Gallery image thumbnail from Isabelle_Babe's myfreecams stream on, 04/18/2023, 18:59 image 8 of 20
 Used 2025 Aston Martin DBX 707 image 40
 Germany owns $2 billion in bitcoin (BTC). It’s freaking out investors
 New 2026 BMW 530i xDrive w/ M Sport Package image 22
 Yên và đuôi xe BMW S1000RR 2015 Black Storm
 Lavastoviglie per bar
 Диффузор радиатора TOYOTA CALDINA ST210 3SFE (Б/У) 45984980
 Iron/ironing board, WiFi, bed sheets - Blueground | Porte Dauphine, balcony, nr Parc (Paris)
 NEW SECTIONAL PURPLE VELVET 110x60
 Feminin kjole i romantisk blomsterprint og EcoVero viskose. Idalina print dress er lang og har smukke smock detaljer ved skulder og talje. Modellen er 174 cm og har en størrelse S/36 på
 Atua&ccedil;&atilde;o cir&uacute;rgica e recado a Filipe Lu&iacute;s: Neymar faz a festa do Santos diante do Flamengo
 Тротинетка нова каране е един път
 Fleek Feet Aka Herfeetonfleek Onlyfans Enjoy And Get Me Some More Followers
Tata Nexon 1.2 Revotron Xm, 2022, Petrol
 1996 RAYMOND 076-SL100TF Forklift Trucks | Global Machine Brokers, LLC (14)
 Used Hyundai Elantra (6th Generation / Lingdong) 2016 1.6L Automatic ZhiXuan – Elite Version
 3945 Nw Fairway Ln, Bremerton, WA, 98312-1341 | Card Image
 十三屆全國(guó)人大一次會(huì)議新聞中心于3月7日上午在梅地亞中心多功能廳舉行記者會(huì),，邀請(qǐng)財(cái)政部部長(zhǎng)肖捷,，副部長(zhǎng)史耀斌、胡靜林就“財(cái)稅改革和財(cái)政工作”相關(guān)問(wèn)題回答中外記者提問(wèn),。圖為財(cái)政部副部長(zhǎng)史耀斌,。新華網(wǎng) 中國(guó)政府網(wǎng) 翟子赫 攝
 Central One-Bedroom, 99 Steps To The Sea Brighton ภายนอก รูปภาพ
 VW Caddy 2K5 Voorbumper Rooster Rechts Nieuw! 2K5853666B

************

## Your objective
From top to bottom, please output the material exactly.

## Result
Gallery image thumbnail from Isabelle_Babe's myfreecams stream on, 04/18/2023, 18:59 image 8 of 20
 Used 2025 Aston Martin DBX 707 image 40
 Germany owns $2 billion in bitcoin (BTC). It’s freaking out investors
 New 2026 BMW 530i xDrive w/ M Sport Package image 22
 Yên và đuôi xe BMW S1000RR 2015 Black Storm
 Lavastoviglie per bar
 Диффузор радиатора TOYOTA CALDINA ST210 3SFE (Б/У) 45984980
 Iron/ironing board, WiFi, bed sheets - Blueground | Porte Dauphine, balcony, nr Parc (Paris)
 NEW SECTIONAL PURPLE VELVET 110x60
 Feminin kjole i romantisk blomsterprint og EcoVero viskose. Idalina print dress er lang og har smukke smock detaljer ved skulder og talje. Modellen er 174 cm og har en størrelse S/36 på
 Atua&ccedil;&atilde;o cir&uacute;rgica e recado a Filipe Lu&iacute;s: Neymar faz a festa do Santos diante do Flamengo
 Тротинетка нова каране е един път
 Fleek Feet Aka Herfeetonfleek Onlyfans Enjoy And Get Me Some More Followers
Tata Nexon 1.2 Revotron Xm, 2022, Petrol
 1996 RAYMOND 076-SL100TF Forklift Trucks | Global Machine Brokers, LLC (14)
 Used Hyundai Elantra (6th Generation / Lingdong) 2016 1.6L Automatic ZhiXuan – Elite Version
 3945 Nw Fairway Ln, Bremerton, WA, 98312-1341 | Card Image
 十三屆全國(guó)人大一次會(huì)議新聞中心于3月7日上午在梅地亞中心多功能廳舉行記者會(huì),，邀請(qǐng)財(cái)政部部長(zhǎng)肖捷,，副部長(zhǎng)史耀斌、胡靜林就“財(cái)稅改革和財(cái)政工作”相關(guān)問(wèn)題回答中外記者提問(wèn),。圖為財(cái)政部副部長(zhǎng)史耀斌,。新華網(wǎng) 中國(guó)政府網(wǎng) 翟子赫 攝
 Central One-Bedroom, 99 Steps To The Sea Brighton ภายนอก รูปภาพ
 VW Caddy 2K5 Voorbumper Rooster Rechts Nieuw! 2K5853666B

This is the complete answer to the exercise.